Chu, at the School of Public Health, is hoping the streamlined cafeteria setup at the Aurora school will become a model for others. “We will be better prepared for the next one because we know what to do,” said Chu, who has done surveillance testing for infectious diseases around the world, including for the Ebola virus in Africa. “We still don’t know how this pandemic is going to be.”
She and colleague Dr. Thomas Jaenisch, also an epidemiologist at the Colorado School of Public Health, also have high expectations for their mask-strip study. Jaenisch hopes for a day when people could look at the color of the strip in their mask and know instantly whether they are expelling or exhaling coronavirus.
In early data from people on college and medical campuses, the researchers are seeing that people who test positive via a nasal swab do not test positive via their mask on the same day. And the other way around. What it means, Jaenisch said, is that there is a window of time when people have the virus in their nose but are not exhaling it and are perhaps not infectious.

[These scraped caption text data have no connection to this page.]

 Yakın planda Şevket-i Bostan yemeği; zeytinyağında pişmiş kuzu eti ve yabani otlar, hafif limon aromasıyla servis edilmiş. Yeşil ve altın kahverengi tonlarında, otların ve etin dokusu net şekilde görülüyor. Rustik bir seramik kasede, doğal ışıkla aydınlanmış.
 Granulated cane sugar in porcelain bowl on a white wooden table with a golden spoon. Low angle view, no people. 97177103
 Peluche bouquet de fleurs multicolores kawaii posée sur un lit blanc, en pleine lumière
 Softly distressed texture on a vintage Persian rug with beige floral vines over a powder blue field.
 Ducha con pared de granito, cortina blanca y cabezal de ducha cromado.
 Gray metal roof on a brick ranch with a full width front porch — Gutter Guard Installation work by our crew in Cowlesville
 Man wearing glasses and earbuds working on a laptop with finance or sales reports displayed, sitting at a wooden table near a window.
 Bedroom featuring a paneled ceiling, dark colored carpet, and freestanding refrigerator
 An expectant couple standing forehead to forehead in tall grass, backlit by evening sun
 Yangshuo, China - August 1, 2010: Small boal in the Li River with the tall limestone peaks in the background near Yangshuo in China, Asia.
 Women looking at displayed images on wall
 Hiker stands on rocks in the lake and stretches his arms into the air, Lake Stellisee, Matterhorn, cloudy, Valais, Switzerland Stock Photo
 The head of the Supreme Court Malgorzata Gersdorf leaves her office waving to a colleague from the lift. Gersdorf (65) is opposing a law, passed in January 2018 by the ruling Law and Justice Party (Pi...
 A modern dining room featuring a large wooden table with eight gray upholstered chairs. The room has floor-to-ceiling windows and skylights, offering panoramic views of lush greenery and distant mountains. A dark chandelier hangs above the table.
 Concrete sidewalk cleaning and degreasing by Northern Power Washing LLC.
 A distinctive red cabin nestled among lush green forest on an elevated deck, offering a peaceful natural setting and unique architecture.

“The big picture would be finding out how many days in advance of testing the nose, maybe the mask is already positive,” he said. “Or when the mask is not positive anymore and the nose is still positive, does it mean that people still have the virus but they are not infectious or not as much? We want to disassociate being infected and being infectious to others. Those two components are usually just mixed together and we are trying to tease them apart.”
The study aims to include 300 people with the virus — and as many of their contacts as possible — to learn about rates of transmission and how that relates to the virus people are exhaling.
College students started out wearing masks that had two strips — one by the nose and one by the mouth. Researchers have realized that in those that had the virus, it was usually the nasal strip that detected it.

(Olivia Sun, The Colorado Sun via Report for America)
The strips collect bacteria and influenza and any number of particles, so they could be used for a variety of respiratory diseases around the world. The University of Leicester previously used the strips to study tuberculosis transmission in South Africa.
“This strip is like flypaper,” Chu said, “anything sticks to it.”
Both aspects of the project — mask test strips and surveillance testing in schools — are key to ending the pandemic, the researchers said.
The middle school testing program was originally slated to stop next week, but the School of Public Health agreed to keep it going until the omicron variant subsides. Already, Angel Avery, mom to a seventh grader at Aurora Science & Tech Middle School, feels the school is safer than it was. Before Christmas, when her husband had COVID, she tested positive without any symptoms.
“You just know that it’s out there,” said Avery, standing in the school cafeteria. “There are a lot of people out there who don’t have symptoms. Just knowing that kids could be walking around spreading it, having no idea.”
Update: This story was updated to correct the title of Aurora Science & Tech Middle School.